With the announcement of a new office situated in T-Park in New Taipei City, Google continues to expand its presence in Taiwan. The new workplace, designed to accommodate over 4,000 employees, nearly doubles the company’s existing capacity. It will be operational by the end of 2020 and be the principal hardware development center globally.
Back in 2012, Google launched the Changhua Taiwan center project, with an initial investment of US$300 million. The facility became operational at the end of 2013 and has been Google’s largest data center in Asia. It laid the ground for Google’s increasing computing needs across Asia Pacific (North Asia in particular). The region accounted for 15.4% of Alphabet’s, Google’s parent company, Q4 2018 revenue.
Taiwan remains a key technology investment destination. It offers access to industry-leading supply chain for smart hardware, a reservoir of talented people, and a conducive policy and taxation regime.
For Google, the importance of Taiwan also lies in the well-established supply chain and high-quality contract manufacturers. This facilitates the development and production of Google-branded hardware products, including the Pixel smartphones, Google Home (most of the Google Home devices were produced by Quanta) smart speakers, and Nest devices.
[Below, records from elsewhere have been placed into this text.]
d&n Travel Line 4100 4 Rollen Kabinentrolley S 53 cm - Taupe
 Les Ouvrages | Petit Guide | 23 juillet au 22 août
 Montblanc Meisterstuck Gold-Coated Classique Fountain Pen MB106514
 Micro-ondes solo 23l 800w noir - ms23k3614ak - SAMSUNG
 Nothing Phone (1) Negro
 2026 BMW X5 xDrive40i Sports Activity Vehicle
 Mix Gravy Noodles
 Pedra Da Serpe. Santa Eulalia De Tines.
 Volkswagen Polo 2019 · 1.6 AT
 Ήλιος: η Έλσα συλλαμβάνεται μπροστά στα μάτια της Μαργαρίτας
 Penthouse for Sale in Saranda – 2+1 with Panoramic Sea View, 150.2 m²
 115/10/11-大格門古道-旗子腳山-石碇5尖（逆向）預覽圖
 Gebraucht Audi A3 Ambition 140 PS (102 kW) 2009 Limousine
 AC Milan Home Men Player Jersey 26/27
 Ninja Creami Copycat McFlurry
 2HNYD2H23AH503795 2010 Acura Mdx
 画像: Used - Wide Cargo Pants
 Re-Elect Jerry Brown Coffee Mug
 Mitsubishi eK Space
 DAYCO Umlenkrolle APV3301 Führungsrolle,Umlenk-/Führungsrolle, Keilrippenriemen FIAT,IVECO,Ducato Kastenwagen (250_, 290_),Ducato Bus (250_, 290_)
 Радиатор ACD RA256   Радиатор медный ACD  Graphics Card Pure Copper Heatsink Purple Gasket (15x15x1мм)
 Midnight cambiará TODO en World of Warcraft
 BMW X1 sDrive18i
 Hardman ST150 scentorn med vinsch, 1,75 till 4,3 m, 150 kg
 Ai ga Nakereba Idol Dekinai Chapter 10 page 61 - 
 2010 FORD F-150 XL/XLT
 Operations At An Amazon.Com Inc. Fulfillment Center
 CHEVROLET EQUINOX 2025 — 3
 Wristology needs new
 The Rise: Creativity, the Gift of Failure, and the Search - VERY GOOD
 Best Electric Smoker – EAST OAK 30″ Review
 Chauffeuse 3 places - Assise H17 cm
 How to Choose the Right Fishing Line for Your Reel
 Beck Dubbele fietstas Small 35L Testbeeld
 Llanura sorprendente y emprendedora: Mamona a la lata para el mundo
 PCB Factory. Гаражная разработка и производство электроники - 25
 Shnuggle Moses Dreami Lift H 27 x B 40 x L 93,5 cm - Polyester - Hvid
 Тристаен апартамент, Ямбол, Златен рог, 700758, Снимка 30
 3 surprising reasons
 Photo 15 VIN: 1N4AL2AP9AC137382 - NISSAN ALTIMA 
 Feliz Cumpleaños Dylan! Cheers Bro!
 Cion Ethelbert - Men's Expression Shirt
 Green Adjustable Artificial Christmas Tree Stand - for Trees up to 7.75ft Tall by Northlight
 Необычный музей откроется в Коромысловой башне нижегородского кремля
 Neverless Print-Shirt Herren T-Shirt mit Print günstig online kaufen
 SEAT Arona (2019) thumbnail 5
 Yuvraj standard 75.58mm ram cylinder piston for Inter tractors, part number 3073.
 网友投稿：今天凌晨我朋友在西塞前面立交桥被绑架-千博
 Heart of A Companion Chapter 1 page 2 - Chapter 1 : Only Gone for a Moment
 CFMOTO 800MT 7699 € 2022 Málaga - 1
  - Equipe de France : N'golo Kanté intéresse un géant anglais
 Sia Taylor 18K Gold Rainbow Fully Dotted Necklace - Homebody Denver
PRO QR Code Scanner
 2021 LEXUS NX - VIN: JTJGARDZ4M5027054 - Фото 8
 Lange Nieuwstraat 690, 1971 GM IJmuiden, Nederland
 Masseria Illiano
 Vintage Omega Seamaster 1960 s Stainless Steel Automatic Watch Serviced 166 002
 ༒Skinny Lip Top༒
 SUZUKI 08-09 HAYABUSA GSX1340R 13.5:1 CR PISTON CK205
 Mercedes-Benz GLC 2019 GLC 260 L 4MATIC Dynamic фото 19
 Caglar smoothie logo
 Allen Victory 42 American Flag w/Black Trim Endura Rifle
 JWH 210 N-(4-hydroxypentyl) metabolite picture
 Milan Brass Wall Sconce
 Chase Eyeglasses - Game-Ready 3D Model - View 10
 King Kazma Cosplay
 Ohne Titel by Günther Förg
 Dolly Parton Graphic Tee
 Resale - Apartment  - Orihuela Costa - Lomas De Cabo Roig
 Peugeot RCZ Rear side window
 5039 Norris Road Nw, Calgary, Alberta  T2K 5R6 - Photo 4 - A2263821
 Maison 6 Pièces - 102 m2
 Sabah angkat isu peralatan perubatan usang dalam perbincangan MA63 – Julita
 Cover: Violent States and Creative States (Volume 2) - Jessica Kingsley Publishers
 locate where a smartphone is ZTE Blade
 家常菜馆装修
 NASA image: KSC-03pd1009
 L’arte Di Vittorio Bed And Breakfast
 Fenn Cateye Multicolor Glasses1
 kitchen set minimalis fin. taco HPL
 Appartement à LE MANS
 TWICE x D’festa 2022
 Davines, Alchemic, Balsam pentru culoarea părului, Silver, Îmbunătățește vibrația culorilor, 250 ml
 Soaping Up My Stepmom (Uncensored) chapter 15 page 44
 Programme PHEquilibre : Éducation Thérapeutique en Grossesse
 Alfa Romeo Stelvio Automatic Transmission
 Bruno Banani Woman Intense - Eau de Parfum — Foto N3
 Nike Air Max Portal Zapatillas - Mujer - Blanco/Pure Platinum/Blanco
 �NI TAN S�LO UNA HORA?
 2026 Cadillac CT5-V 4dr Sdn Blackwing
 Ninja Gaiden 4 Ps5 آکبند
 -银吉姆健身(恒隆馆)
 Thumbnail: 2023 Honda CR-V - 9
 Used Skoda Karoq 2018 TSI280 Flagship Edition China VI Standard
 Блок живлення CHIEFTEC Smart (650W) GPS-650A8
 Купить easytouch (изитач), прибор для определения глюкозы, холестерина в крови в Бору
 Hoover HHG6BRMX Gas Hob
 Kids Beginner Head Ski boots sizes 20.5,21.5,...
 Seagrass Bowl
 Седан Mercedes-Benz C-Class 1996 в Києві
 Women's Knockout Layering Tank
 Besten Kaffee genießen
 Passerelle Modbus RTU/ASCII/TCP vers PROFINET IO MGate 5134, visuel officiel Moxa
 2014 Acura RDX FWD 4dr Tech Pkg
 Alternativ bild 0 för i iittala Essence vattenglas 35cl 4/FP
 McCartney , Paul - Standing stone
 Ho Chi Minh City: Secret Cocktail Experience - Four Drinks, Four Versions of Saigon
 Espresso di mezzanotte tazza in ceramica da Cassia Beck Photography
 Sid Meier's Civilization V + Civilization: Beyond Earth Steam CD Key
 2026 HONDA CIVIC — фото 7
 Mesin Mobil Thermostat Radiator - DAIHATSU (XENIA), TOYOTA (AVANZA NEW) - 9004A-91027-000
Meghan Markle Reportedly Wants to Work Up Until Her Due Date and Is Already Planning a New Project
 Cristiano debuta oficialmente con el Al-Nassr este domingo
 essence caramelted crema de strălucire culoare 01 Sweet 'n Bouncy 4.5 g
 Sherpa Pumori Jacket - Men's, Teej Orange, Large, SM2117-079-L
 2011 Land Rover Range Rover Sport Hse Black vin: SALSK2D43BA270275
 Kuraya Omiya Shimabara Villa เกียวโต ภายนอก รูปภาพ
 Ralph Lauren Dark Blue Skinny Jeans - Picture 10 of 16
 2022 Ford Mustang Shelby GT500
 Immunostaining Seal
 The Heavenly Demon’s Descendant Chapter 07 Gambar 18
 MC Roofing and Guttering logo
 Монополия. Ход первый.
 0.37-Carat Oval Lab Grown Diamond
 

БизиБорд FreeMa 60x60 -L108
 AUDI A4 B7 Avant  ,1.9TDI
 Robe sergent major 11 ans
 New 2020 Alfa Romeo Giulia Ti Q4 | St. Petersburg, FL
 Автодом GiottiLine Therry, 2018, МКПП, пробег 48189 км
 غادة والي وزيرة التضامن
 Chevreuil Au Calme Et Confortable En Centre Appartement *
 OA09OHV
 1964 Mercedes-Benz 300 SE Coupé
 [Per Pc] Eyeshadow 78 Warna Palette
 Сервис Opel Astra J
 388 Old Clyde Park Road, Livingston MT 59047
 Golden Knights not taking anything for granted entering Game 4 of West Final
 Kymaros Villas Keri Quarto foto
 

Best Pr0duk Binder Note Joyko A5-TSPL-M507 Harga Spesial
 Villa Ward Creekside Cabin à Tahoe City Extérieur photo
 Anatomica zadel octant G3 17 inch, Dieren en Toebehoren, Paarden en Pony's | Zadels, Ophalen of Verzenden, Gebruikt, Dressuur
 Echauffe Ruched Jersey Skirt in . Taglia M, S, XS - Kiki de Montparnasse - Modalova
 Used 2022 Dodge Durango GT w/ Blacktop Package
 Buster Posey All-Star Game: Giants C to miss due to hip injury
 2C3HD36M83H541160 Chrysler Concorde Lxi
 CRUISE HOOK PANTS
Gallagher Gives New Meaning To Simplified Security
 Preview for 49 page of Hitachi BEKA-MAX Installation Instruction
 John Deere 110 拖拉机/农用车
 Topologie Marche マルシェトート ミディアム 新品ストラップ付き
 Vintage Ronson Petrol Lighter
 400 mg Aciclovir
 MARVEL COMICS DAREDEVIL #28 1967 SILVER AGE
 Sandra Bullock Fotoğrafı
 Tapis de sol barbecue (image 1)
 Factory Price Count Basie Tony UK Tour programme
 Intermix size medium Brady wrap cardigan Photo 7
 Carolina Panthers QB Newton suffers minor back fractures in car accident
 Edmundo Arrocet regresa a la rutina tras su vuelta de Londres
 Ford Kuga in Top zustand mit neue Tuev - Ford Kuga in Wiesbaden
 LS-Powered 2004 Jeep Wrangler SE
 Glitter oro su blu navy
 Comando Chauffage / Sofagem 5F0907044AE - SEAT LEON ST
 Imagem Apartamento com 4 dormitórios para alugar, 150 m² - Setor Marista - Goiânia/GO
The US$1.1 billion acquisition of HTC’s smartphone team for Pixel program in September 2017 made Taiwan an important base for Google’s hardware R&D program. It already has over 2,000 employees in Taiwan and several more engineers will be recruited for the T-Park center. It will help Google further extend its hardware line-up beyond smartphones and help it develop 5G capable smart devices like wearables, AR/VR, and IoT devices.
Exhibit 1: Taiwan is Playing a Pivotal Role in Google’s Hardware Expansion Strategy
Google is at the heart of Taiwan’s AI (Artificial Intelligence) development and launched the “Intelligent Taiwan” program in April 2018. Benefiting from the favorable policy and the strong passion of young talent in Taiwan, the company has been recruiting AI engineers, investing in training, and acquiring AI talents from the grassroots. This is a part of Google’s goal of boosting its cloud business and also drive future talent for its data center in Taiwan. Google also works closely with multiple Taiwanese companies for data center components from servers to chipsets (TPU) manufactured by TSMC.
In all, Taiwan is a key cog in Google’s hardware supply chain across all its businesses from smartphone to IoT to cloud data centers. Given the trade war between China and the US, which casts a shadow on overseas investment in China, as well as Google’s minimal presence in China, Taiwan becomes crucial due to its proximity to China and Asia.